The last decade has brought us substantial advances in computational imaging techniques for current and next-generation interferometric telescopes, such as the SKA. Imaging methods have exploited sparsity and the latest deep learning architectures with remarkable results. Despite good reconstruction quality, obtaining reliable uncertainty quantification (UQ) remains a common pitfall of most imaging methods. The problem of uncertainty quantification can be solved by reformulating the inverse problem in the Bayesian framework.
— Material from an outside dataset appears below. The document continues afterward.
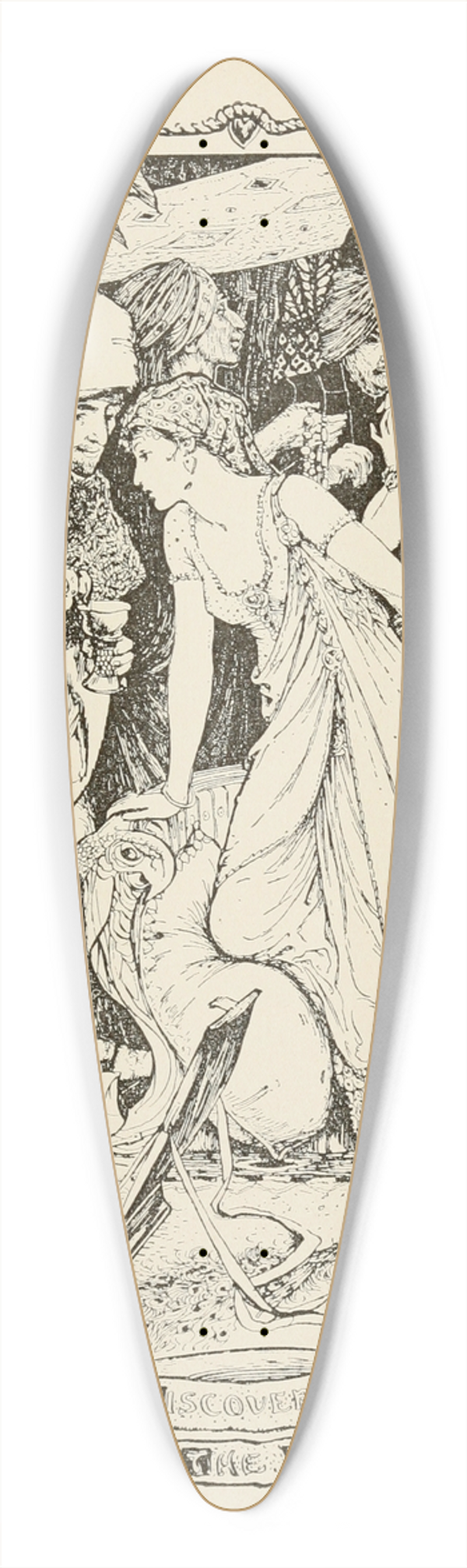 Henry Justice Ford - Zelida discovers the Writing on the Flask 39.3 inch art pintail longboard deck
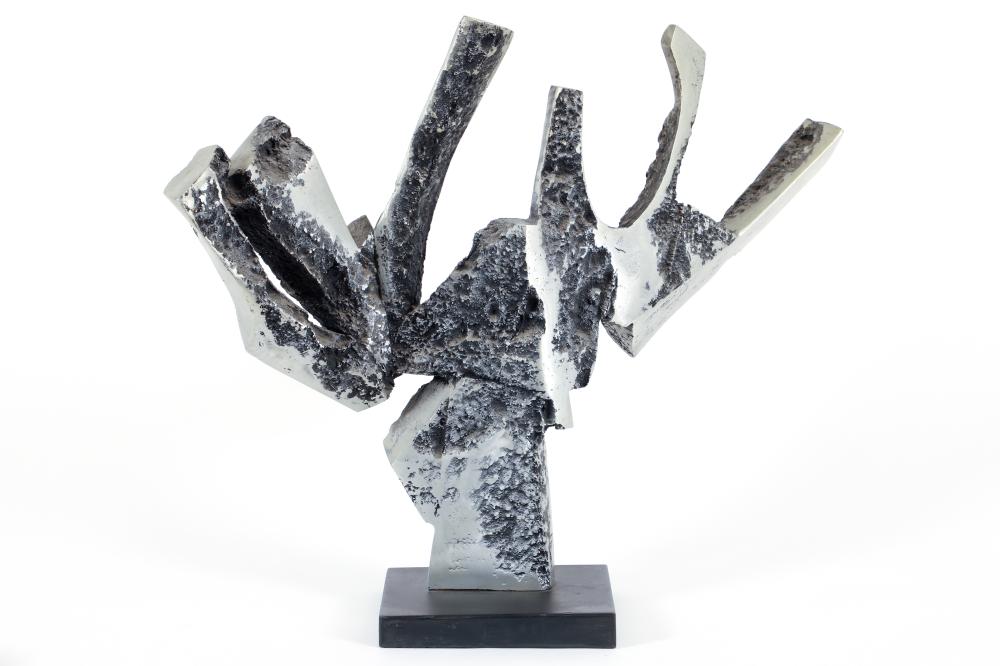 Jim Myford comparable auction result: jim myford cast aluminum abstract sculpture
The a posteriori probability density function provides a global understanding of uncertainties. However, calculating the posterior probability density function in high-dimensional environments is an extremely difficult task. Posterior probabilities are often calculated using sampling techniques, but these cannot yet be adapted to the high-dimensional parameters of radio imaging.

This work proposes a method to address uncertainty quantification in radio-interferometric imaging with data-driven (learned) priors for very high-dimensional settings. Our model uses an analytic physically motivated model for the likelihood and exploits a data-driven prior learned from data. The proposed prior can encode complex information learned implicitly from training data and improves results from handcrafted priors (e.g., wavelet-based sparsity-promoting priors). We exploit recent advances in neural-network-based convex regularisers for the prior that allow us to ensure the log-concavity of the posterior while still being expressive. We leverage probability concentration phenomena of log-concave posterior functions that let us obtain information about the posterior avoiding the use of sampling techniques. Our method only requires the maximum-a-posteriori (MAP) estimation and evaluations of the likelihood and prior potentials. We rely on convex optimisation methods to compute the MAP estimation, which are known to be much faster and better scale with dimension than sampling strategies. The proposed method allows us to compute local credible intervals, i.e., Bayesian error bars, and perform hypothesis testing of structure on the reconstructed image. We demonstrate our method by reconstructing simulated radio-interferometric images and carrying out fast and scalable uncertainty quantification.